At first glance, WebMD Corp. boasts one phenomenal corporate comeback story. Based on the 1999 merger of two consumer-oriented health information and services companies, Healtheon Inc. and WebMD, the company has since become the largest provider of transaction services between health-care providers and insurers. By shifting rapidly from a consumer to a corporate focus, the company narrowly escaped the dismal fate of countless faddish dot-coms.
Not only has WebMD managed to survive, it actually turned a profit in the last two quarters of 2003 because of cost-cutting measures and a relentless acquisition pace. In the past five years, the company has acquired dozens of companies in the health-care transaction-services segment, garnering not only enhanced capabilities but also, maybe more importantly, an ever-growing customer base.
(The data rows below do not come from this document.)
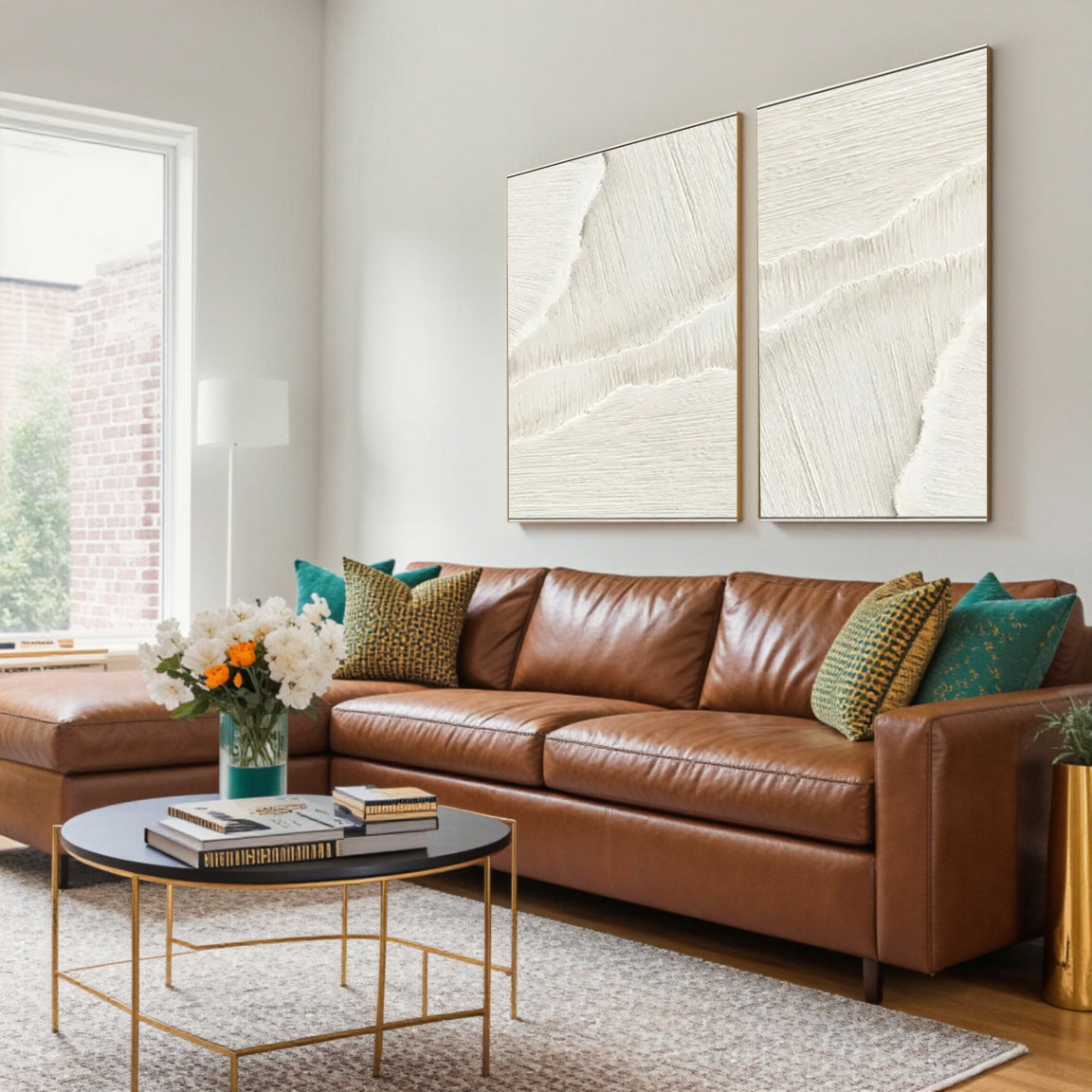 Plaster Art Minimalist Textured Paintings Set of 2 #MM057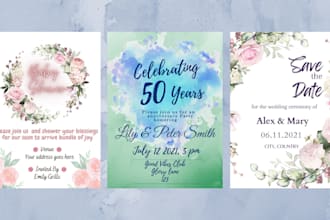 design a beautiful wedding card or invitation card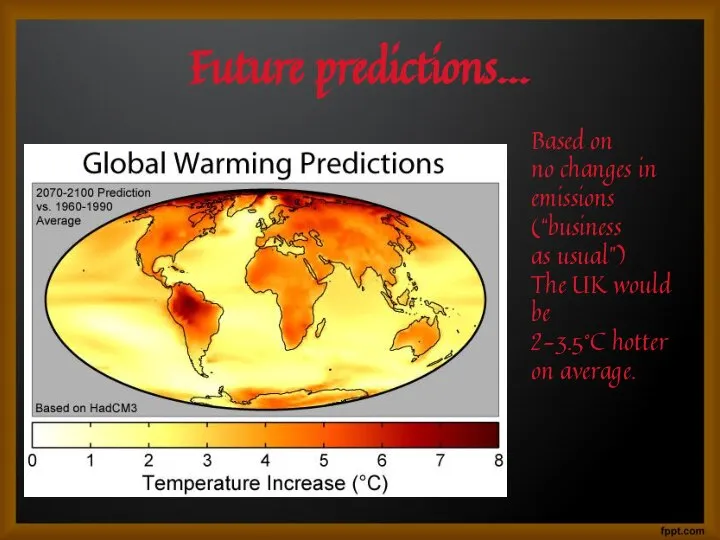 Future predictions… Based on no changes in emissions (“business as usual”)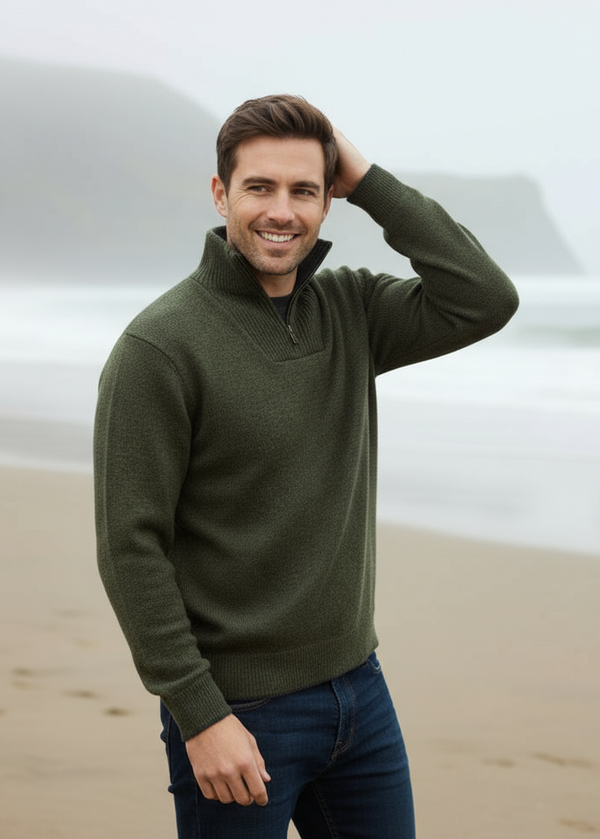 IrelandsEye Men's Half Zip Pullover | Green Marl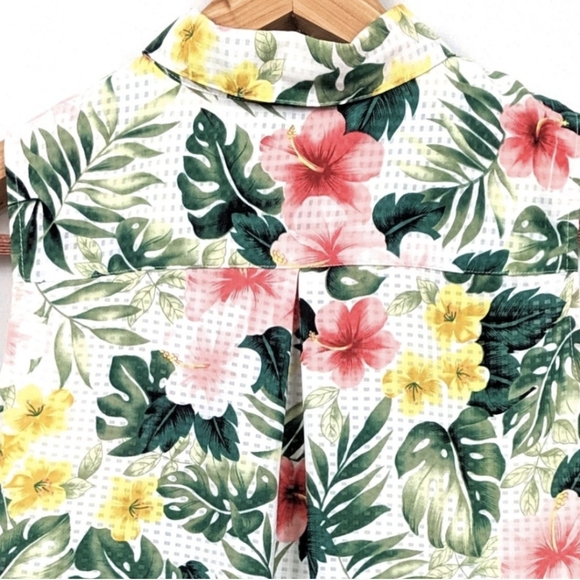 Notations Tropical Sleeveless Blouse Button Front Hawaiian Beachy Coastal MP - Picture 5 of 9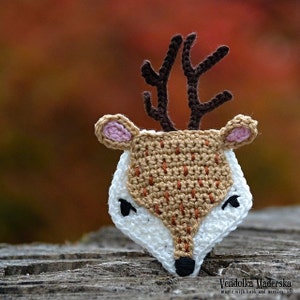 Crochet pattern - deer applique - by VendulkaM crochet, digital pattern DIY, pfd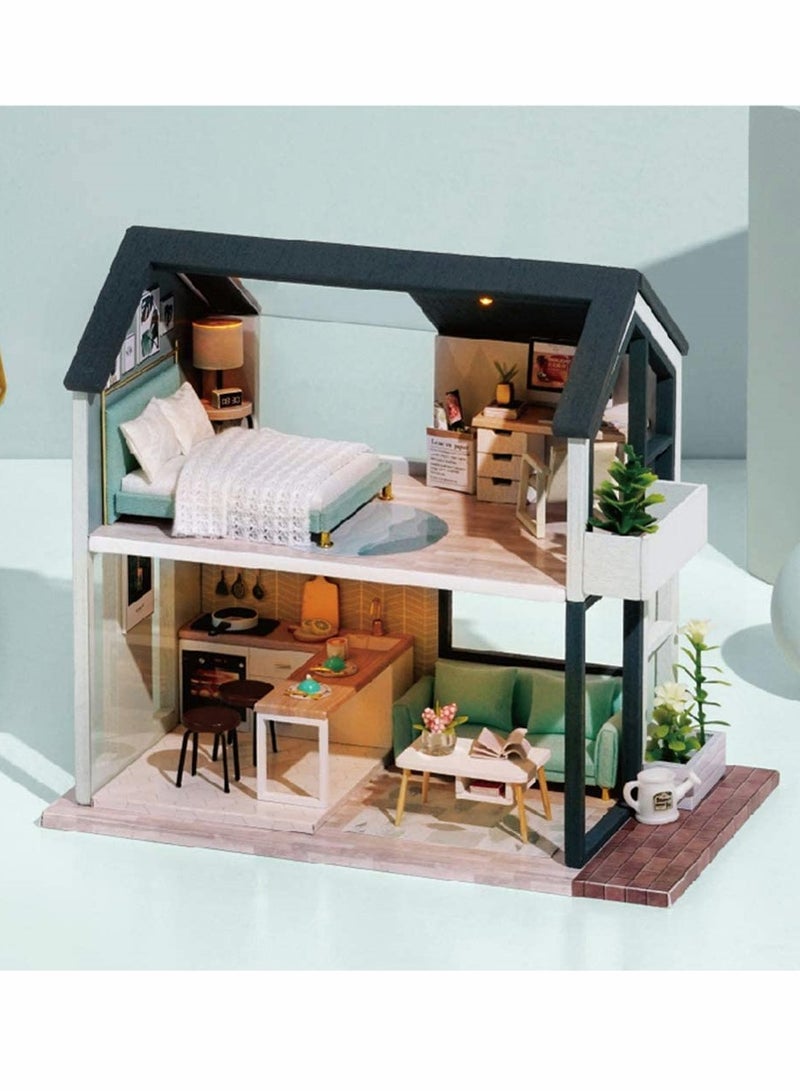 Dollhouse, Miniature Dollhouse DIY, Kit with Furniture Dollhouse, 3D Wooden Miniature House with Dust Cover, for kid's Educational Toys (QL01)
WebMD expects to bring in well over $1 billion in revenue this year. The companys health transaction services business, Envoy, is anticipated to bring in more than 58 percent of that revenue, up from 53 percent last year. But with rapid shifts occurring in health-care IT, the looming question for the company is whether it can continue to expand its health transaction services unit.
Last years figures suggest that despite growing revenue, WebMDs transaction services for insurers and physicians are not tapping into a wellspring of demand. In the fourth quarter of 2003, the companys Envoy segment completed 664 million transactions. Thats up substantially from 571 million during the same period a year earlier.
But according to a report by investment bank Jeffries & Company Inc., the increase is due almost solely to WebMDs acquisition in the third quarter of 2003 of Advanced Business Fulfillment Inc., a privately held, St. Louis-based health transaction services company.